Modeling

Introduction

We are providing help on ideas on how to use climate models to explore specific science questions that require more intensive analysis within the climate systems. These processes could be in the atmosphere, oceans, land or ice systems and also include biogeochemistry. Our goal is to work with interdisciplinary groups to provide “appropriate” models that will address your research needs. These models can range from traditional climate system models (e.g., atmosphere-only or coupled atmosphere-ocean-land models) to the most complicated Earth system models (e.g., fully coupled atmosphere, ocean, land, ice, vegetation, and biogeochemical systems models). We also use models with different levels of model complexity (e.g., a single column atmosphere-landSurface model or a zonal mean Earth System model) or with multiple configurations using different model components. To help you further, …

Current Models

  • Community Earth System Models (NCAR)
  • Single Column CESM
  • MIT MESM
  • and others

Descripton of Earth System Model research

Modeling the Earth System has multiple research areas that are now linked in the current era.

Numerical Earth System Models

In the first research area, we have the Earth System Models (ESMs). ESMs are numerical models that solve the set of coupled climate system equations that govern the dynamics of the atmosphere, ocean, land, ice, vegetation, and biogeochemical systems. At their core, these models are solving a discretized set of coupled partial differential equations and require the largest high performance computer (HPC) platforms to simulate the Earth system behavior over periods from seasons to decades to millenia. These Earth System Models provide outputs that represent possible states of the Earth which can be used to for many purposes. A few of these are: estimating the state of Earth’s climate responding to the industrial era anthropogenic forcings, estimating paleoclimates during prehistoric eras (e.g., past glacial periods, paleocene-eocene thermal optimum, snow-ball Earth conditions, and others), and investigating climate system processes to understand interactions across the different components. These numerical models are currently saved on remote data servers with include typically 100+ Petabytes of datafiles.

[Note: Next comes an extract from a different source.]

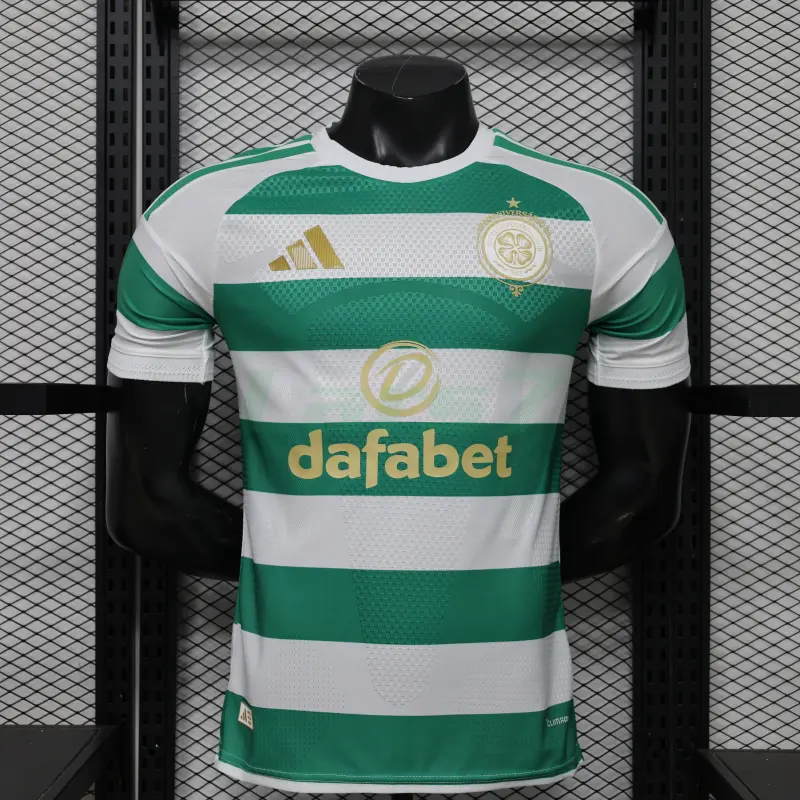 Camiseta Celtic 1ª Equipación 2026/2027 Verde/Blanco (EDICIÓN JUGADOR)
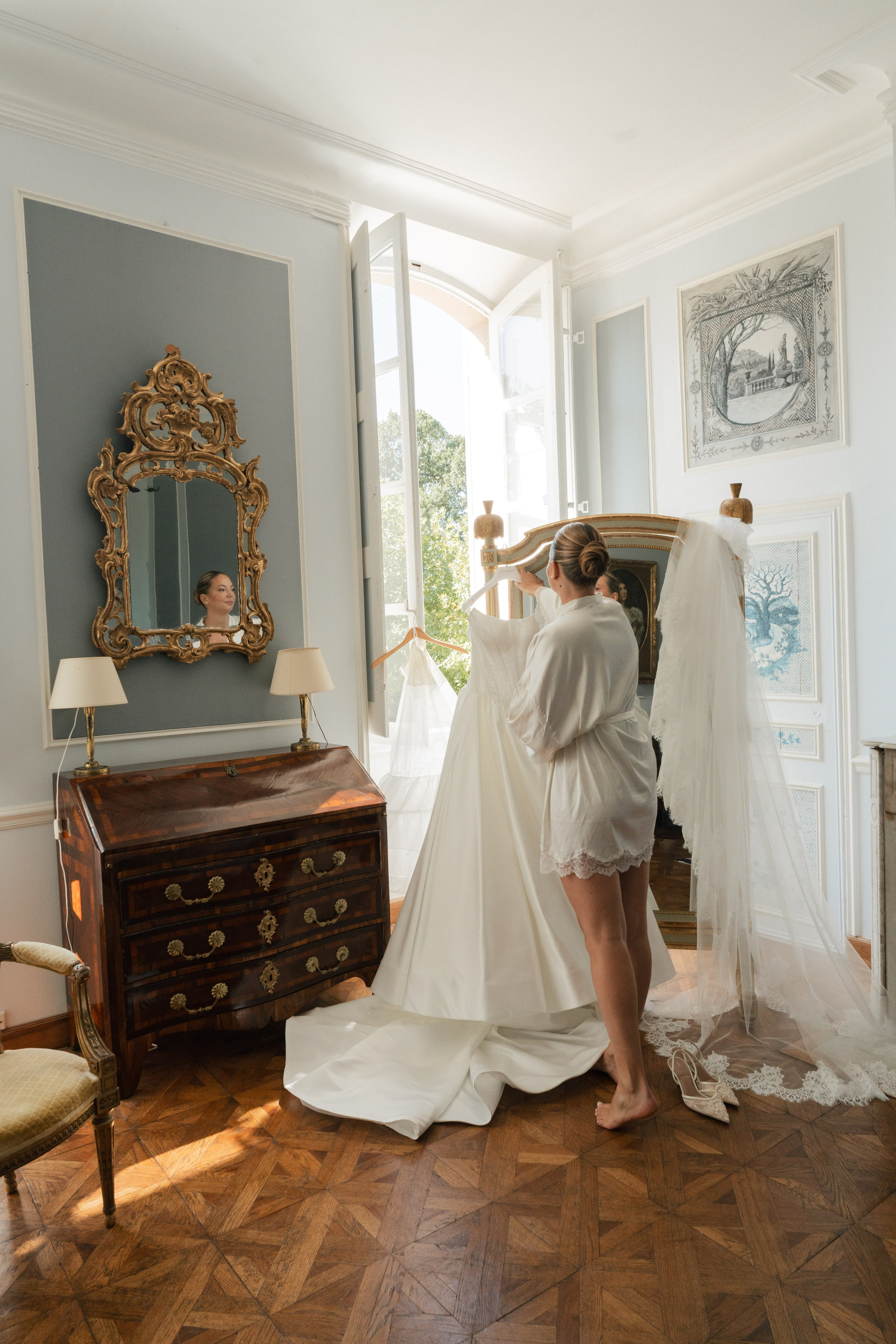 Full wedding gallery - 14h de couverture. Lucy Hubert — Photographe de mariage à Paris et en France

Statistical Earth System Models

In the second research area, we have statistical models. In climate research, at least two classes of statistical models should be considered. One model class is used to perform state estimation; a second class is used for estimating predictions. The state estimation models are typically used to understand past data (e.g., model outputs or observational data) and to generate a statistics that represent possible states of the world for a given situation. As an example, we often define a climatological mean for a region and examine the distribution of deviations from that mean state. Together, the mean state and the deviations describe the observed data for a specific region. We can simplify it further by estimating the standard deviation statistic. If we consider future climate changes, we can also use this approach and predict the change in the mean or a change in the distribution of the deviations. Similarly, we could characterize the distributions of of extreme values to estimate how they have changed or will change in the future.

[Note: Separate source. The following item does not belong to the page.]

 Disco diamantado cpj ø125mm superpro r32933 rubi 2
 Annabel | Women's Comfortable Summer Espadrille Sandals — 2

The second class of statistical models is statistical prediction models. For these models, we develop a statistical model that uses past data to predict a specific future event. Based on past data, the simplest statistical model would only use past observations to make predictions. In more sophisticated approaches, a statistical model will be trained using multiple data sets including historical observations as well as past numerical model outputs. As an example of this, we could use simulations of historical climate change from multiple models, compare them with past observations, and then base a prediction on those statistics. Another approach would be to compare model predictions against past climate and use data assimilation methods to calibrate predictive numerical model.